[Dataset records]
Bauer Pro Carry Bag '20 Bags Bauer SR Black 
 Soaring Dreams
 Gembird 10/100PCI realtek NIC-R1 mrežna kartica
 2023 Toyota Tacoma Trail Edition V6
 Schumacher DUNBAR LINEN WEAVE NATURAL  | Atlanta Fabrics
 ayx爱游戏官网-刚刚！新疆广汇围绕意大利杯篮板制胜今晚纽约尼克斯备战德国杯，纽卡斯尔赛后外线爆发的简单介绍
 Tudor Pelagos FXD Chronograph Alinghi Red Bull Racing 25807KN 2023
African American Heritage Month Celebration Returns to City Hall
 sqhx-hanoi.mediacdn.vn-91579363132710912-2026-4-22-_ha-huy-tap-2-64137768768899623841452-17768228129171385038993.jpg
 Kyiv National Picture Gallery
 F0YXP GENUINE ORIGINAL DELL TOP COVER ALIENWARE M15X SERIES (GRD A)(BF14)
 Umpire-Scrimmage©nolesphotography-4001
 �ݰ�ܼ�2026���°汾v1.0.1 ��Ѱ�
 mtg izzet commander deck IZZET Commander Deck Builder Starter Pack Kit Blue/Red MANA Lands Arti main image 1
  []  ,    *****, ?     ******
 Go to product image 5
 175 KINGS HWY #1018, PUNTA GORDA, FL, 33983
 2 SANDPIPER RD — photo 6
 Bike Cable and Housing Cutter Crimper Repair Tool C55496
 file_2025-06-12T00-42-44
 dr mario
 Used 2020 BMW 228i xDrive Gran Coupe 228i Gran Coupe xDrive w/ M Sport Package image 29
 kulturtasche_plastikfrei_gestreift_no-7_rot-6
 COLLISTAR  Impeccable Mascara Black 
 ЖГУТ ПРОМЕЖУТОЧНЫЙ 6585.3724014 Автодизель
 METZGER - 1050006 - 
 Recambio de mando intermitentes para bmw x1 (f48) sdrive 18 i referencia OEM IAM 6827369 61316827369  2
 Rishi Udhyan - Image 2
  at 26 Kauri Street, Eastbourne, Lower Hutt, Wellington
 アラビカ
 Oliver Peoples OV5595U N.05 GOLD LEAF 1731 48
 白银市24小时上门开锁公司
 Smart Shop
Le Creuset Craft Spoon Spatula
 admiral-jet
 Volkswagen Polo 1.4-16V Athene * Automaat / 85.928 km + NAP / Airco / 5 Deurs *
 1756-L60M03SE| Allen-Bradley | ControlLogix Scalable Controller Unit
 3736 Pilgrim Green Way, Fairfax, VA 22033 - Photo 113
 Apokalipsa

**The problem:**
Copy out every line of the data above, exactly as given.

**Exercise response:**
Bauer Pro Carry Bag '20 Bags Bauer SR Black 
 Soaring Dreams
 Gembird 10/100PCI realtek NIC-R1 mrežna kartica
 2023 Toyota Tacoma Trail Edition V6
 Schumacher DUNBAR LINEN WEAVE NATURAL  | Atlanta Fabrics
 ayx爱游戏官网-刚刚！新疆广汇围绕意大利杯篮板制胜今晚纽约尼克斯备战德国杯，纽卡斯尔赛后外线爆发的简单介绍
 Tudor Pelagos FXD Chronograph Alinghi Red Bull Racing 25807KN 2023
African American Heritage Month Celebration Returns to City Hall
 sqhx-hanoi.mediacdn.vn-91579363132710912-2026-4-22-_ha-huy-tap-2-64137768768899623841452-17768228129171385038993.jpg
 Kyiv National Picture Gallery
 F0YXP GENUINE ORIGINAL DELL TOP COVER ALIENWARE M15X SERIES (GRD A)(BF14)
 Umpire-Scrimmage©nolesphotography-4001
 �ݰ�ܼ�2026���°汾v1.0.1 ��Ѱ�
 mtg izzet commander deck IZZET Commander Deck Builder Starter Pack Kit Blue/Red MANA Lands Arti main image 1
  []  ,    *****, ?     ******
 Go to product image 5
 175 KINGS HWY #1018, PUNTA GORDA, FL, 33983
 2 SANDPIPER RD — photo 6
 Bike Cable and Housing Cutter Crimper Repair Tool C55496
 file_2025-06-12T00-42-44
 dr mario
 Used 2020 BMW 228i xDrive Gran Coupe 228i Gran Coupe xDrive w/ M Sport Package image 29
 kulturtasche_plastikfrei_gestreift_no-7_rot-6
 COLLISTAR  Impeccable Mascara Black 
 ЖГУТ ПРОМЕЖУТОЧНЫЙ 6585.3724014 Автодизель
 METZGER - 1050006 - 
 Recambio de mando intermitentes para bmw x1 (f48) sdrive 18 i referencia OEM IAM 6827369 61316827369  2
 Rishi Udhyan - Image 2
  at 26 Kauri Street, Eastbourne, Lower Hutt, Wellington
 アラビカ
 Oliver Peoples OV5595U N.05 GOLD LEAF 1731 48
 白银市24小时上门开锁公司
 Smart Shop
Le Creuset Craft Spoon Spatula
 admiral-jet
 Volkswagen Polo 1.4-16V Athene * Automaat / 85.928 km + NAP / Airco / 5 Deurs *
 1756-L60M03SE| Allen-Bradley | ControlLogix Scalable Controller Unit
 3736 Pilgrim Green Way, Fairfax, VA 22033 - Photo 113
 Apokalipsa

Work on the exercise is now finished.